In March 2022, the arena, which underwent major renovations, re-opened to fans after a hiatus due to the COVID-19 pandemic. The facility's second major renovation occurred prior to the start of the first and only League of Legends Championship of The Americas (LTA) season in 2025, and was subsequently renamed to "Riot Games Arena".

=== Events ===
Aside from the CBLOL, the arena also hosts select games of the Circuito Desafiante (Brazilian Challenger Circuit) and has held several esports tournaments for both League of Legends and Valorant:
- 2017 Mid-Season Invitational (play-in stage)
- VCT Ascension Americas 2023 & 2025
- 2026 Americas Cup (League of Legends)
- 2026 First Stand Tournament

=== Other facilities ===
Aside from the main arena, the venue has a dedicated space for casters and co-streamers, a studio for pre and post-game coverages, and a merchandise shop.

== Related arenas ==

=== LoL Park ===

LoL Park is an esports and recreational facility in Seoul, South Korea. The facility opened in 2018 and includes an esports arena which mostly hosts League of Legends Champions Korea (LCK) matches. On 16 December 2025, as part of Naver's acquisition of the broadcast rights to the LCK, the venue was rebranded to CHZZK LoL Park, named after the company's streaming platform, CHZZK.

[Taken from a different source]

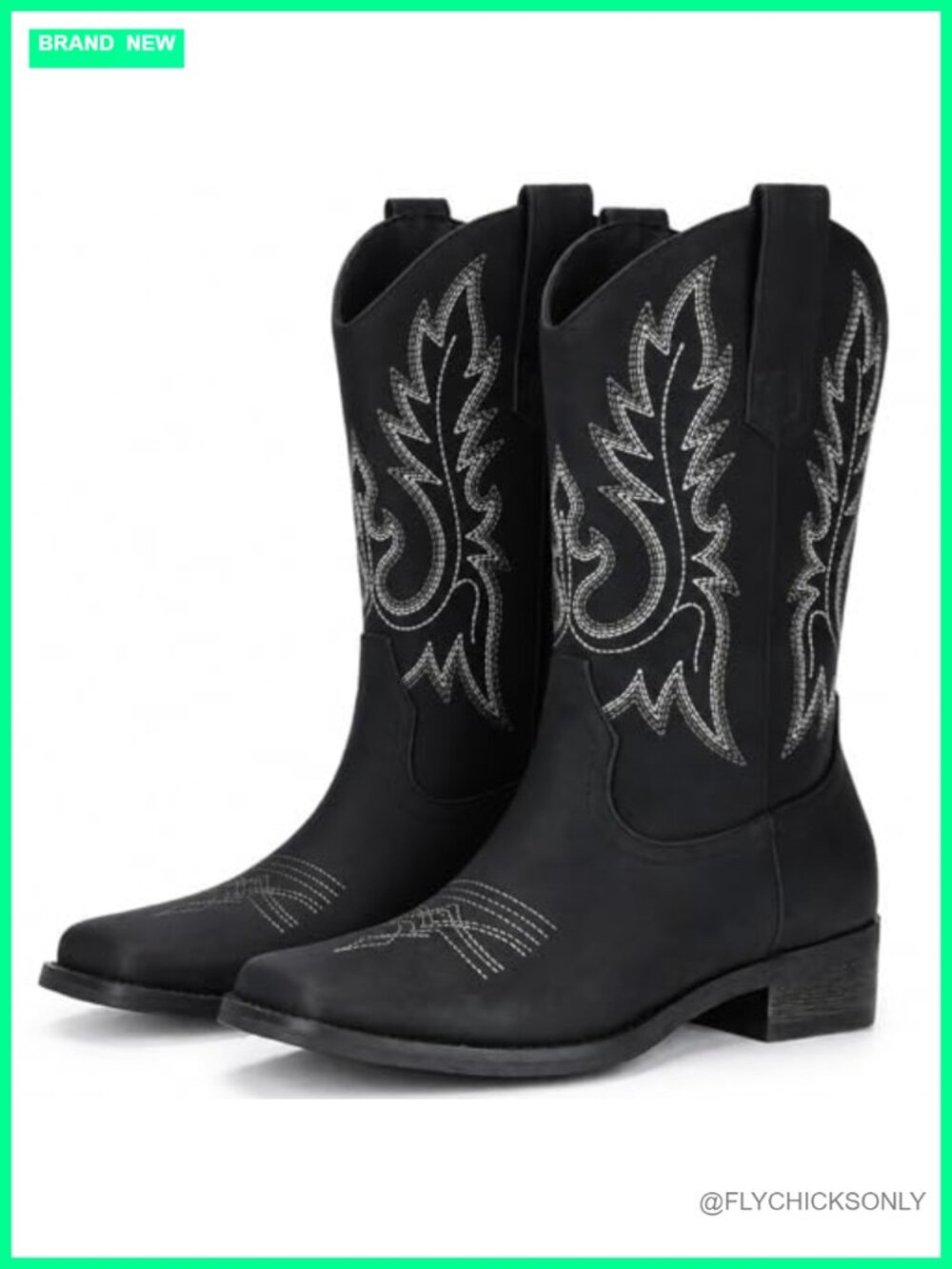 Square Toe Mid Calf Cowboy Boots Faux Leather Western Pull On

The arena has held two editions of the League of Legends World Championship in 2018 and 2023, hosting the play-in stage in both editions. It also held the inaugural First Stand Tournament in 2025, as well as the 2025 Valorant Game Changers Championship.

=== VCT CN Arena ===
VCT CN Arena is the main venue for Valorant Champions Tour China. Located in Shanghai, China, the arena opened in 2024 with a construction time of 50 working days. The facility hosted the group stage and the first few playoff stages of Valorant Masters Shanghai 2024.

=== LCP Arena ===
LCP Arena is the main venue for the League of Legends Championship Pacific (LCP). Located in the Datong District of Taipei, Taiwan, the 136-seater arena was opened to the public in 2025 ahead of the Mid Season split of the 2025 LCP season. Aside from the main arena, other areas of the facility include a merchandise store, food bar, and huddle rooms for teams.